Como vemos, en este nivel de interrogación al proyecto, si esto es así, entonces el Parlamento, llámese cómo se llame, y el Ejecutivo, carecen de real imperio, pues en verdad se instala el “gobierno de los jueces sacerdotes”, experiencia que ya conocimos en el antiguo Egipto no en sus épocas de esplendor, y también asomada en experimentos posteriores, pero nunca con resultados halagüeños.
La idea del juez-sacerdote-liberador no me gusta, tampoco la del juez que gobierna según su propia Ínsula de la Barataria, porque incluso los que saben de derechos humanos no están de acuerdo con ello, pues afecta la imparcialidad y la objetividad del juzgador. Un juez así es un pequeño Mesías ad hoc.
La Corte Europea de Derechos Humanos, con ocasión de las sentencias en los casos de Pabla KY contra Finlandia en junio de 2004, y Morris contra el Reino Unido en febrero de 2002, ya había hecho explicita su posición con respecto a los aspectos objetivos y subjetivos de la imparcialidad que deben guardar los jueces:
“Primero, el tribunal debe carecer, de una manera subjetiva, de prejuicio personal. Segundo, también debe ser imparcial desde un punto de vista objetivo, es decir, debe ofrecer garantías suficientes para que no haya duda legítima al respecto. Bajo el análisis objetivo, se debe determinar si, aparte del comportamiento personal de los jueces, hay hechos averiguables que podrán suscitar dudas respecto de su imparcialidad. En este sentido, hasta las apariencias podrán tener cierta importancia. Lo que está en juego es la confianza que deben inspirar los tribunales a los ciudadanos en una sociedad democrática y, sobre todo, en las partes del caso”.

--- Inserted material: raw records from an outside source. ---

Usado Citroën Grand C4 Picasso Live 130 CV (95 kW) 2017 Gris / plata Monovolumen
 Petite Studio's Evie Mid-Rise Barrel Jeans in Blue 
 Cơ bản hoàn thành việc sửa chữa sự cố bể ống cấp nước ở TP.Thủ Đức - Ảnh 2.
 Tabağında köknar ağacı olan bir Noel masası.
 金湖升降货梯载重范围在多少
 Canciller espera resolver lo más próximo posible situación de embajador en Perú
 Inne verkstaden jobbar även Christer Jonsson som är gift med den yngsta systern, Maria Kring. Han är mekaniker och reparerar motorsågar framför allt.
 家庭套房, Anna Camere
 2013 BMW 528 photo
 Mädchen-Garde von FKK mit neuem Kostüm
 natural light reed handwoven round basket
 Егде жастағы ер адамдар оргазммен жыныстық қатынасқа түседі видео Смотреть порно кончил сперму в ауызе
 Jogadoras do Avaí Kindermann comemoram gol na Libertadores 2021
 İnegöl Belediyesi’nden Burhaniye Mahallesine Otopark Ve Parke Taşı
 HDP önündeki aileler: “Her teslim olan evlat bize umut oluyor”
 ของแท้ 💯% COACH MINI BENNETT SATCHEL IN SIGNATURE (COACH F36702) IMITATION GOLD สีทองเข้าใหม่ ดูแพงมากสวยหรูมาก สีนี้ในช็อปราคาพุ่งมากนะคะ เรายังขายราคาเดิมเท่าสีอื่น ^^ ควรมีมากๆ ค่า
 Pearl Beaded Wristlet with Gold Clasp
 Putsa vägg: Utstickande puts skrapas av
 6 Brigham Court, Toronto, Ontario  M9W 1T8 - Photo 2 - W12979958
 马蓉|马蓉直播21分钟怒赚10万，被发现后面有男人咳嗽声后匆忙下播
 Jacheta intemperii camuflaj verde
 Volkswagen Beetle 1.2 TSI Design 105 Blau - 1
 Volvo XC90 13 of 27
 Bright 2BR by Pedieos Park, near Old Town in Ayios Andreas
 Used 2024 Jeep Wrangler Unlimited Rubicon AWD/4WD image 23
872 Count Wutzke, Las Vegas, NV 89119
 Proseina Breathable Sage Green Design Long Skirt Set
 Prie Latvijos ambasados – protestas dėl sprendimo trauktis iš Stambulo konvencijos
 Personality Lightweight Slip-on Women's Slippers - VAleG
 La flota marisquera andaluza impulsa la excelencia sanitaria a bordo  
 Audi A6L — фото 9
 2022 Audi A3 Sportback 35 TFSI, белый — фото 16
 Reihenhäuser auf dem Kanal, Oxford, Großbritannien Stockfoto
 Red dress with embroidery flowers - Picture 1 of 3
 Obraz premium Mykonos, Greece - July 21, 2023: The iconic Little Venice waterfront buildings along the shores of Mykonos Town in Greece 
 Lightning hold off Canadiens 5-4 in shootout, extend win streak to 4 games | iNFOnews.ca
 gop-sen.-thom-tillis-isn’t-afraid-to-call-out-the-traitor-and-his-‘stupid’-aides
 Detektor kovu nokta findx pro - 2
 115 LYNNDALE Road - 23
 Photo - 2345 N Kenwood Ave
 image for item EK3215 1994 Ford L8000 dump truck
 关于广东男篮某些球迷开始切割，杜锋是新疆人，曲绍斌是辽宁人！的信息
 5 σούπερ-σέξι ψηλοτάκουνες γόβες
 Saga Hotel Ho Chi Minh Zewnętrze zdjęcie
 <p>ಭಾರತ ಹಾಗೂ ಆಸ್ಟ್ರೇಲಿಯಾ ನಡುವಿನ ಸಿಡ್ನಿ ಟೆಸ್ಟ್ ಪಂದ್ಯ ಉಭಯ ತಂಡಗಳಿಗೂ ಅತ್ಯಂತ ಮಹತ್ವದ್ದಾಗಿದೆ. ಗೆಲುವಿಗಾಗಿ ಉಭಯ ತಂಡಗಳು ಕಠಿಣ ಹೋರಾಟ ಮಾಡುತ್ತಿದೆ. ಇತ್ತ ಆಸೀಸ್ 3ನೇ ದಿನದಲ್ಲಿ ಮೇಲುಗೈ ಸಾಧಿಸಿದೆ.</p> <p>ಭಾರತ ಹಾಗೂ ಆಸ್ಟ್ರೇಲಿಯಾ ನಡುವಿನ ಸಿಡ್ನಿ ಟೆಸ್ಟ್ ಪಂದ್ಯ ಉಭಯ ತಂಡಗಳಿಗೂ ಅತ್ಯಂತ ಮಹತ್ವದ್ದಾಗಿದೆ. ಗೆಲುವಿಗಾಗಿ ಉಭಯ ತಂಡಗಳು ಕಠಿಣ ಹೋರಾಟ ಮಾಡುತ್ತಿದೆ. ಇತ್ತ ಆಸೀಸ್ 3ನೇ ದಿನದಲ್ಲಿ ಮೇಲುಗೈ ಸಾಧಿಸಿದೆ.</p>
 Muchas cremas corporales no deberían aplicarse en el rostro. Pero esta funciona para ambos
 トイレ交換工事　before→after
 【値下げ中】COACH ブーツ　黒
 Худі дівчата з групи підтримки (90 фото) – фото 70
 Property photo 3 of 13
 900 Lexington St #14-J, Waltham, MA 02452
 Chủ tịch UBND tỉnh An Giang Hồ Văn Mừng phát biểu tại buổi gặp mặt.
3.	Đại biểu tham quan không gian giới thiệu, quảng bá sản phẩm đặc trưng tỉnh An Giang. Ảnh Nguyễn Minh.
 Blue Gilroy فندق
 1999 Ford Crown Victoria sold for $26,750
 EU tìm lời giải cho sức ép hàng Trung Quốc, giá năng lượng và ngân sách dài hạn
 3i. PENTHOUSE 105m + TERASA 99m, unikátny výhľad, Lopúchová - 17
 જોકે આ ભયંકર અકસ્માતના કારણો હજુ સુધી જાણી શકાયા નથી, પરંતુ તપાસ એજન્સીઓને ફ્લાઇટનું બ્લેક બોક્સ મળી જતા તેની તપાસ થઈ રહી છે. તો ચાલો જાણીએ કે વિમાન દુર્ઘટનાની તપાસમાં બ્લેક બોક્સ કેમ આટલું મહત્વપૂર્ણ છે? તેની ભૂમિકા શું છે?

Los landmarks que propone el proyecto de texto constitucional para asumir el rol de juez-sacerdote-liberador están puestos hartos pasos más allá del juez activista, donde hasta este último, que nunca ha sido de recibo, queda corto.
Entonces, la duda cambia de eje: si el texto se rechaza, ¿podrán los 4/7 en el Congreso ser una herramienta de bien común, o serán sólo una tabla de liberación, pero ahora para el Congreso?